Located at the foothills of the Bhutan-Himalaya Assam. Manas National Park is a unique biodiversity landscape which is said to be one among stunning & pristine wildlife habitats of the world. Agame reserve since 1928, Manas is one of the first reserves included in the network of tiger reserves under Project Tiger in 1974. Declared as a UNESCO World Heritage Site in 1985 and a Biosphere Reserve in 1989, it was finally enlisted as a National Park in 1990. The Manas river, from which it derived its name, flows through the heart of the national park. Manas is home to over 20 endangered species including the Royal Bengal Tiger.
Manas is also an important Bird Area. Total area of the park is about 500 square kilometres. Evolutionary,Manas is the entry point of tigers into India: and combined with Buxa West Bengal Nameri, Pakke and Namdapha tiger reserves and the contiguous protracted areas in Bhutan and Myanmar, forms the largest tiger conservation land scape for Royal Bengal Tigers in the world Part of the most important biodiversity hotspots of the world.

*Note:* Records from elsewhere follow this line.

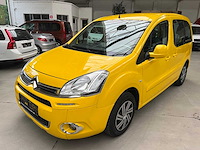 2012 citroen berlingo 1.6 benzine - afbeelding 1 van  19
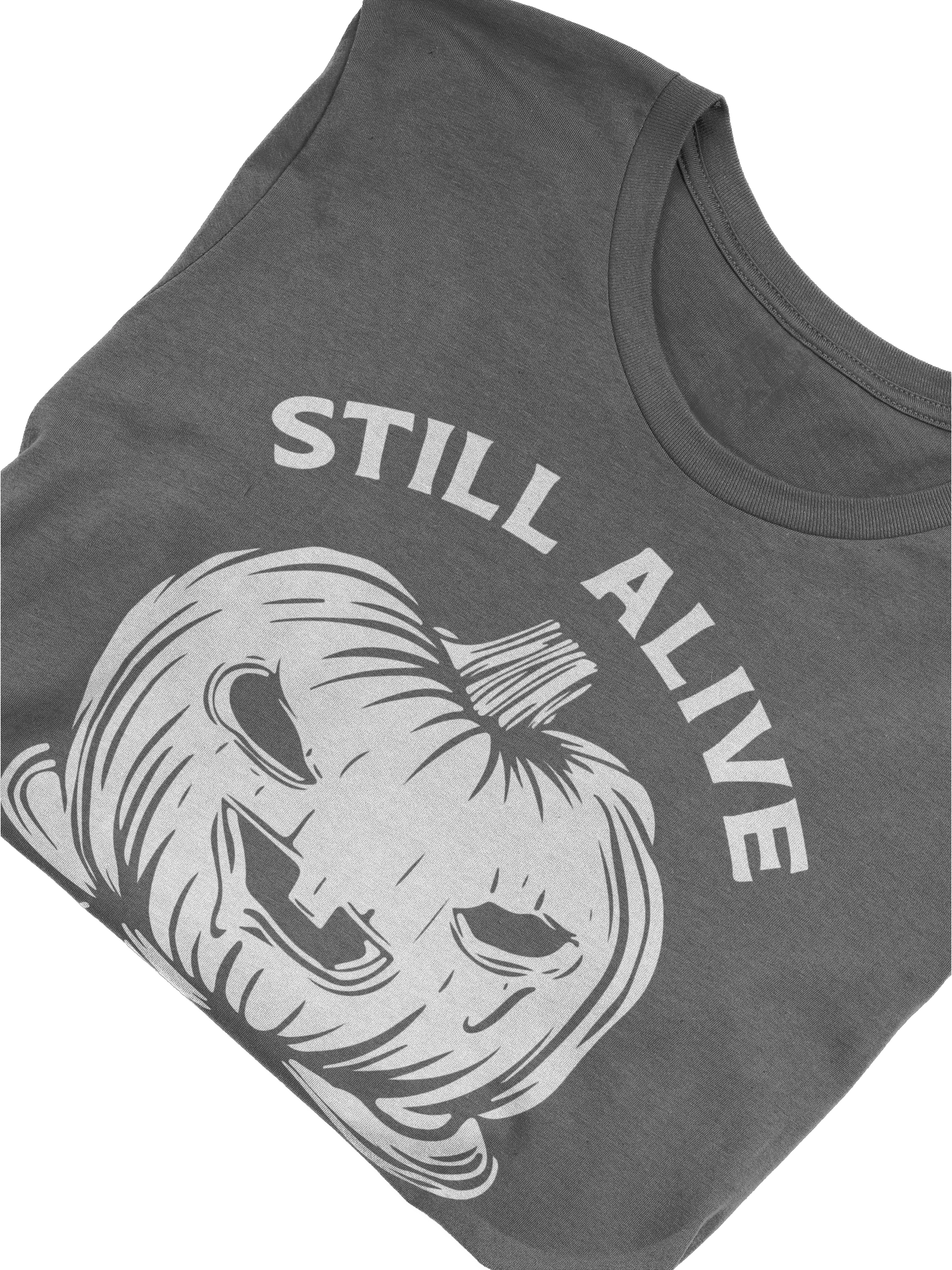 Still Alive Tee product image (3)
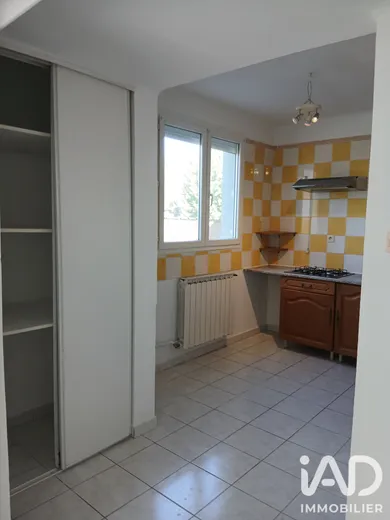 Appartement à Orange (84100)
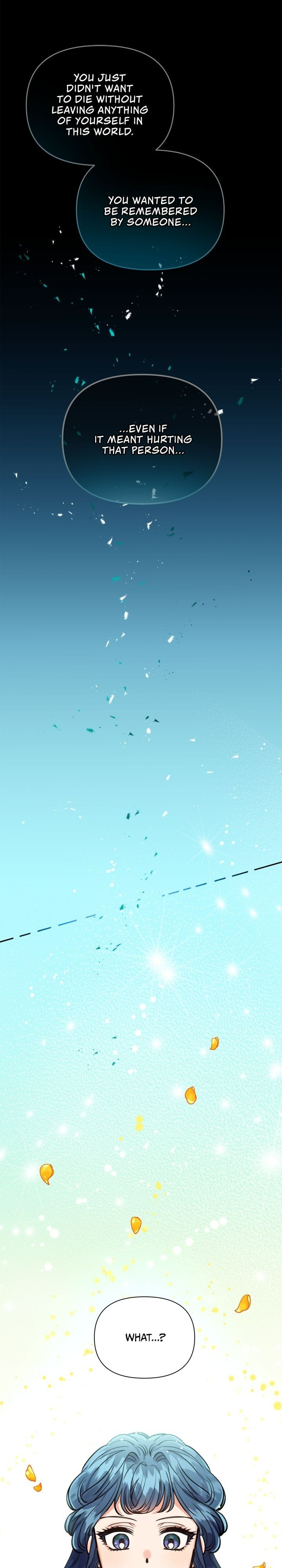 Heavenly Bride chapter 74 - page 21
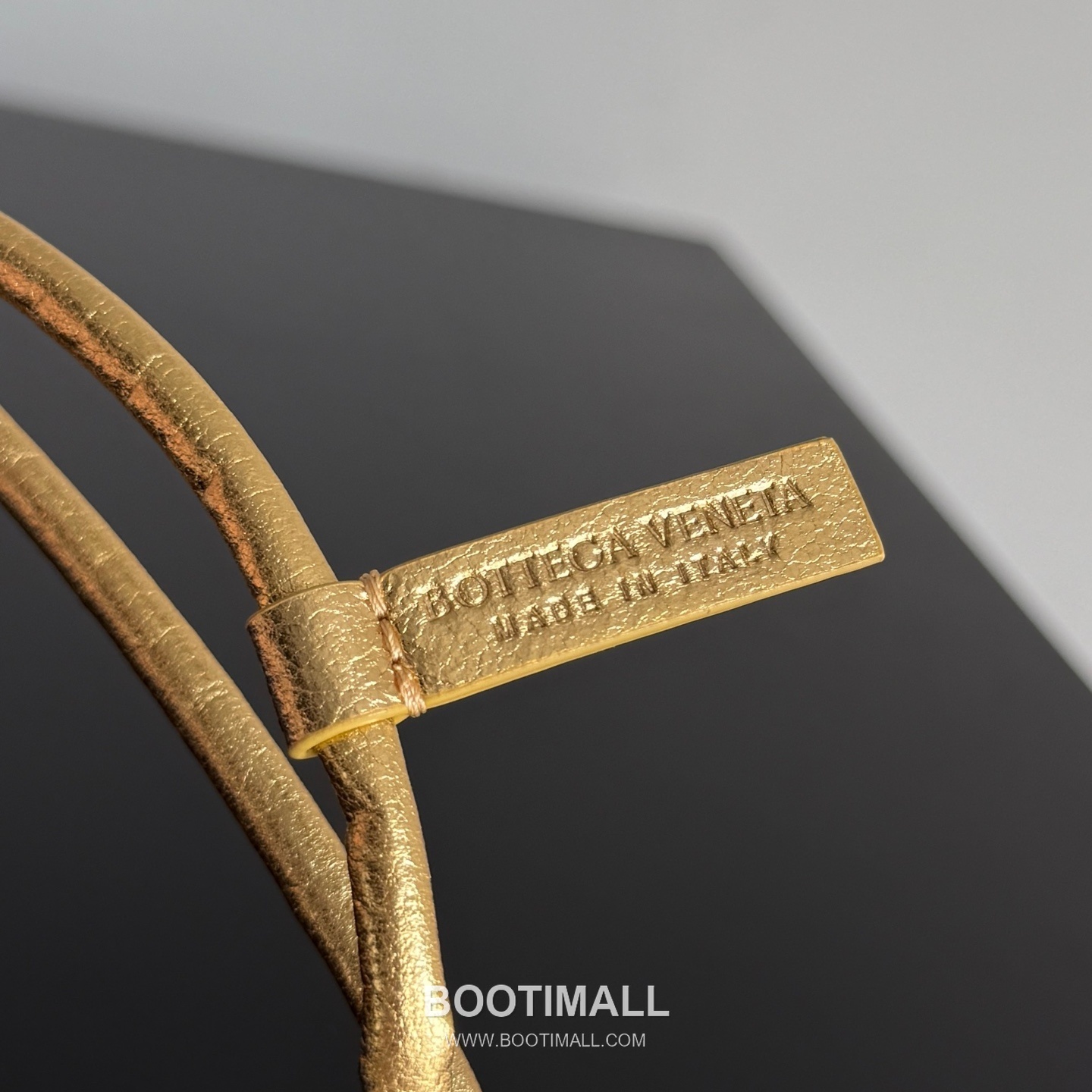 Bottega Veneta Intrecciato Leather Cat Charm 보테가 베네타 인트레치아토 레더 캣 참 7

Manas is also part of the Chirang-Ripu Elephant Reserve under the Project Elephant umbrella since 2003.
Manas National Park is densely forested and known for its rare and endangered endemic wildlife like the Assam roofed turtle.Hispid Hare, Golden Langur and Wild Water Buffalo. The last population of Pygmy Hog survives in the wilds of Manas and nowhere else in the world. Manas is the only landscape in the world where pristine Terai grasslands are seen merging with the Bhabar grasslands interspersed with diverse habitats ascending to semi-evergreen forests and then to Bhutan Himalayas.